Many attorneys like to use Dropbox because it makes it easy to share files and folders. The Transporter also does a great job with sharing files with others, whether they are in your office or around the world. You can give one other person, or a team of people, access to folders on your Transporter, and they can access and work on files on that folder but they won't have access to other folders. Likewise, someone else can give you access to a folder on their Transporter, and the contents show up in your own Connected Data folder. So you can either use one Transporter for your entire team (or perhaps even your entire office), or you can use multiple Transporters with different people having access to different folders.

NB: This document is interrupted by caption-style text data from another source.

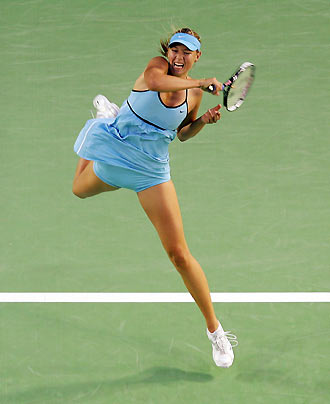 Maria Sharapova of Russia hits a forehand during her match against Ashley Harkleroad of the U.S. at the Australian Open tennis tournament in Melbourne January 18, 2006. [Reuters] 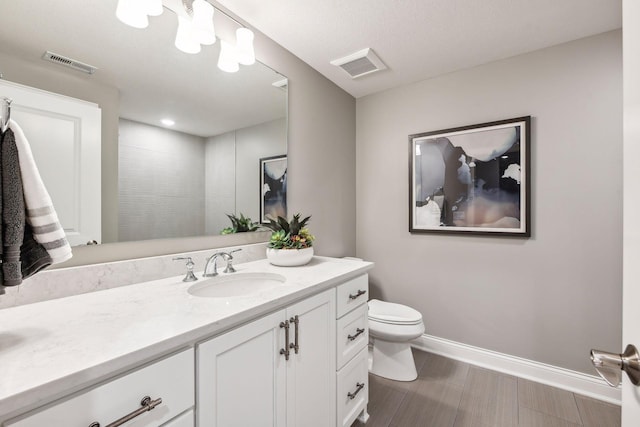 bathroom with vanity, a shower, and toilet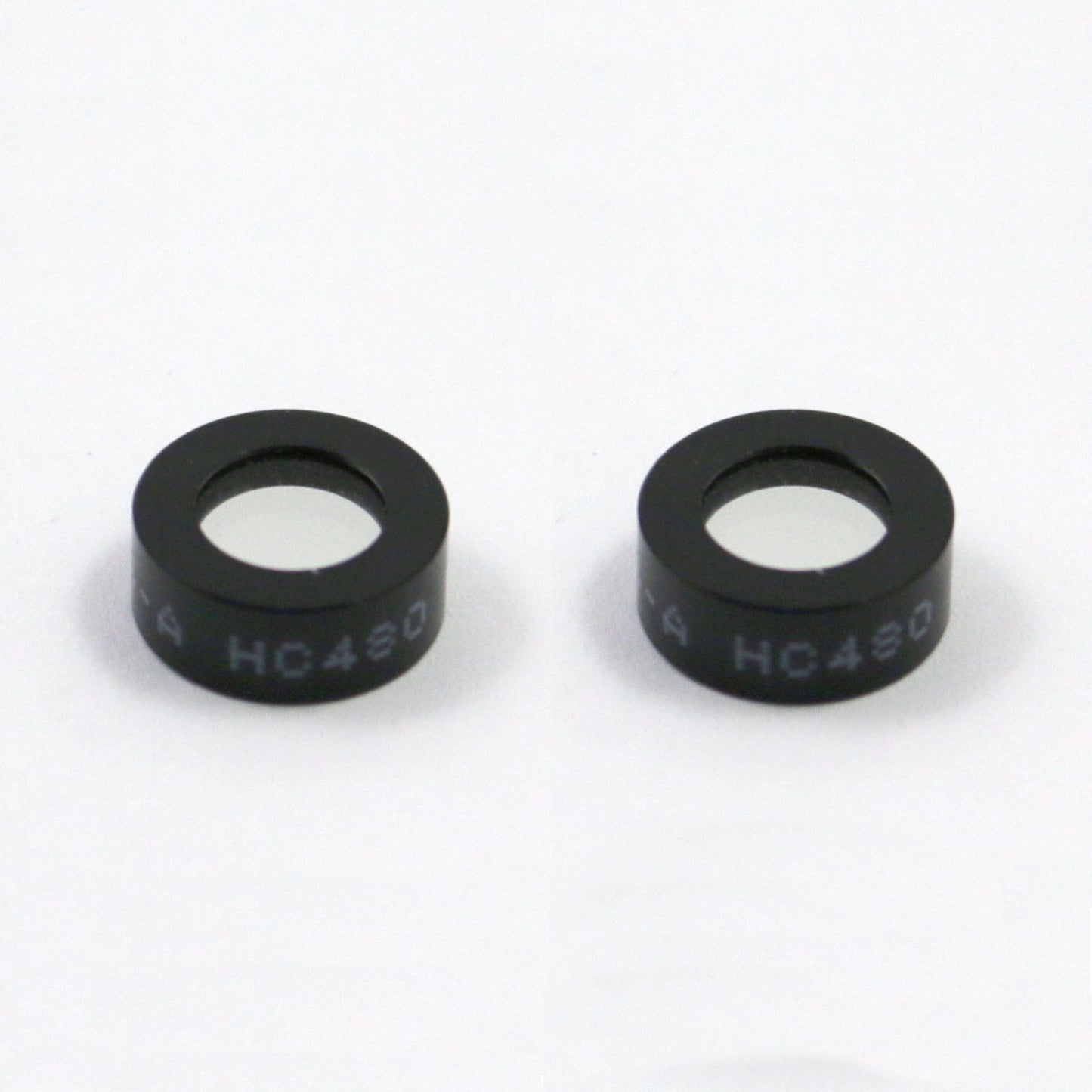 Two black circular objects with 'HC430' text on a white background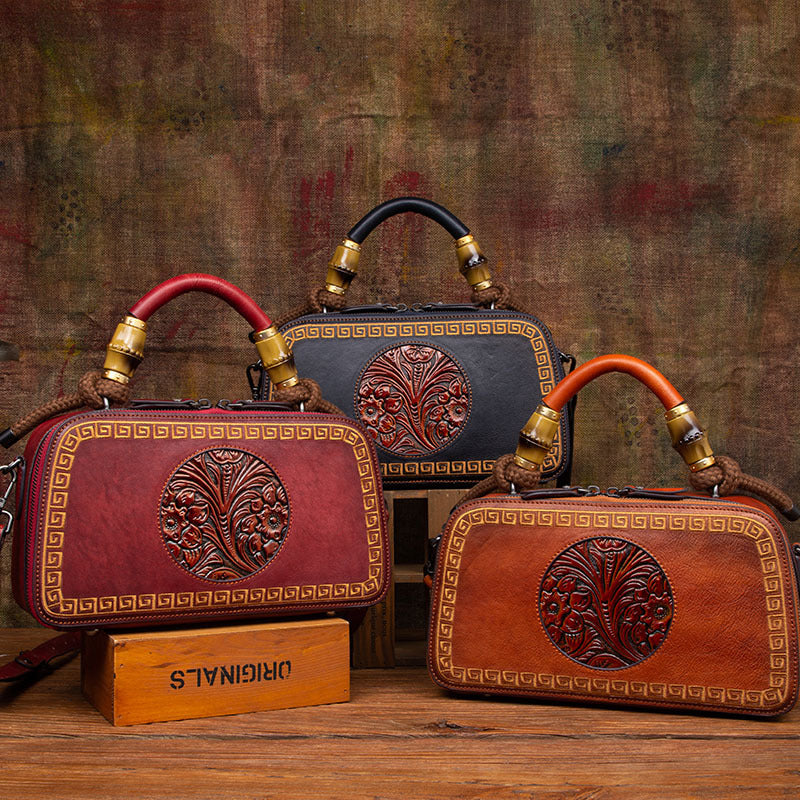 Three leather handbags with intricate designs on a wooden surface and textured brown background.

I should note that the Transporter handles local files a little differently than Dropbox. With Dropbox, you see a folder on your hard drive that contains your Dropbox files. If you drag a file from your desktop to your Dropbox folder, the file is moved from the desktop to the folder. The local Transporter folder works like a virtual external hard drive, so if you drag a file from your desktop, the original file stays on your desktop and a copy is placed in your Transporter folder on your computer. (And then that file is encrypted and stored on the Transporter hardware.) For people who share a lot of folders, this is a safety feature because someone else with access to one of your Transporter folders has the ability to delete a file, and if they do so you might want to go back and get the original file. But right now, I only have a few shared folders and I am mostly using the Transporter to sync folders between my work and home computer, so I have been moving files to the trash after I put a copy in a Transporter folder.

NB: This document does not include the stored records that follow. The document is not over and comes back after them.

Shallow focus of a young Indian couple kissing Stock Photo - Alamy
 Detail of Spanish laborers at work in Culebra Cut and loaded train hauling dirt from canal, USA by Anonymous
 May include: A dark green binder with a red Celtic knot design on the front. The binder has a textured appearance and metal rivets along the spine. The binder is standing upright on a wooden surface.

The Transporter is still a new product. Last year, it was the subject of a successful Kickstarter campaign, and the company just started shipping Transporters in February of 2013. The company sent me a free review unit so that I could try out the product in advance of this sponsorship, and I just received a second free review unit so that I can test using one Transporter to store backup copies of folders. (One thing that every attorney in New Orleans learned during Hurricane Katrina is the importance of off-site backup.) While the software on my PC and my Mac works great, the iPhone/iPad app is still in beta testing and should be ready in a few weeks. Once the app is available and I have tried it out, I'll post about my experiences. For anyone like me who depends upon access to files on an iPad, that app is a critical part of the usefulness of the Transporter.

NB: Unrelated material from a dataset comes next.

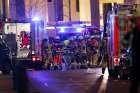 Police and emergency workers move victims to waiting ambulances after an accident at a Christmas market on Breitscheidplatz square in the west of Berlin, Germany, on Dec. 19, 2016. 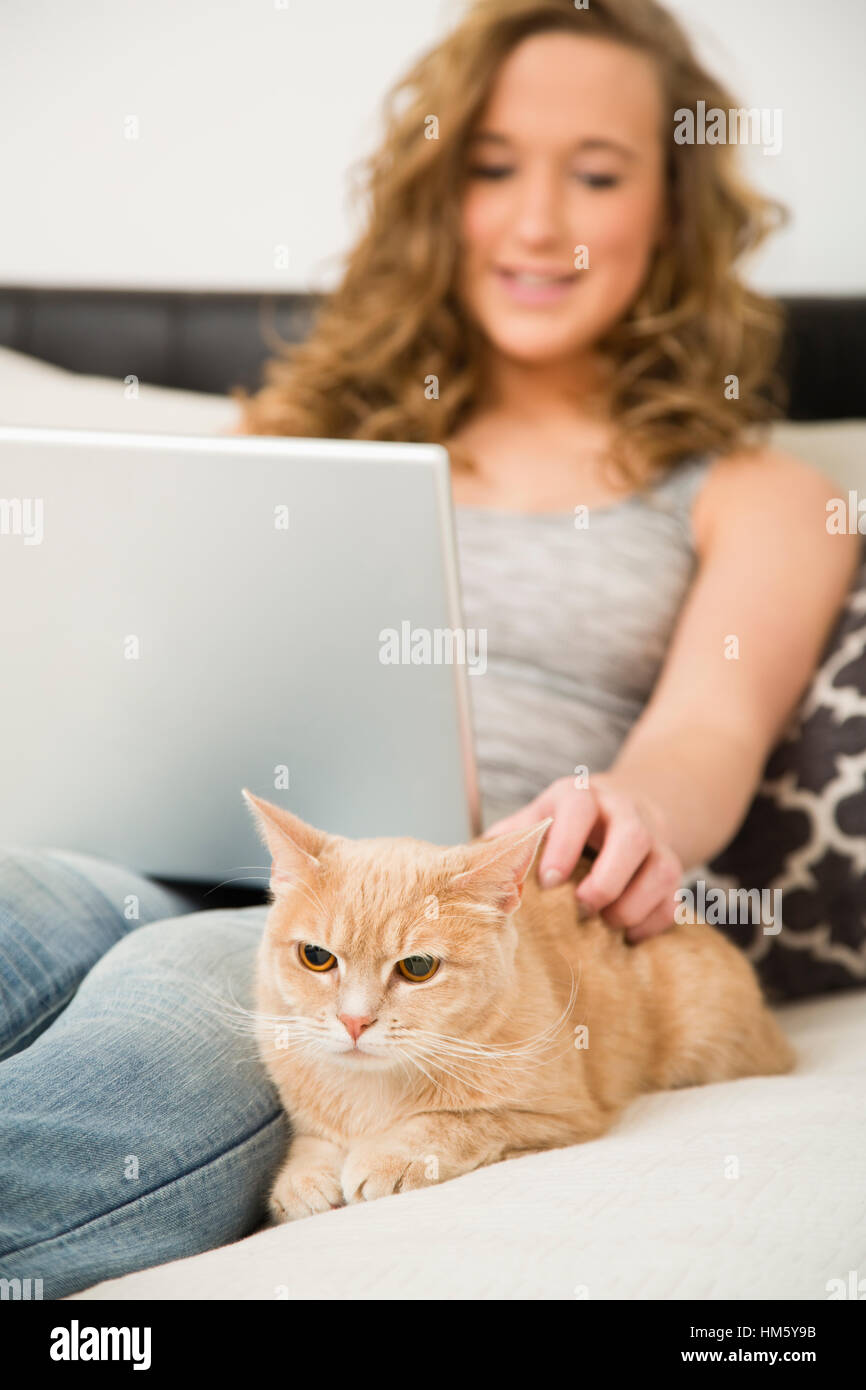 Teenager-Mädchen (16-17) auf Bett mit Laptop und streichelte Ingwer Tabby Katze liegend Stockfoto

But even though this product is new, I am very excited about it. In my one week of testing so far, it has worked great, and once the iOS app is released, the Transporter may well change the way that I work with files. Transporter offers the advantages of traditional cloud storage while offering much more storage at much less cost, provides the enhanced security of an external hard drive in your locked office, and allows you to use additional Transporters to get the same protection that you would otherwise have to pay for on a monhtly basis with an off-site storage company.
Thanks again to Connected Data for sponsoring iPhone J.D. this month, and kudos for coming up with such a useful product.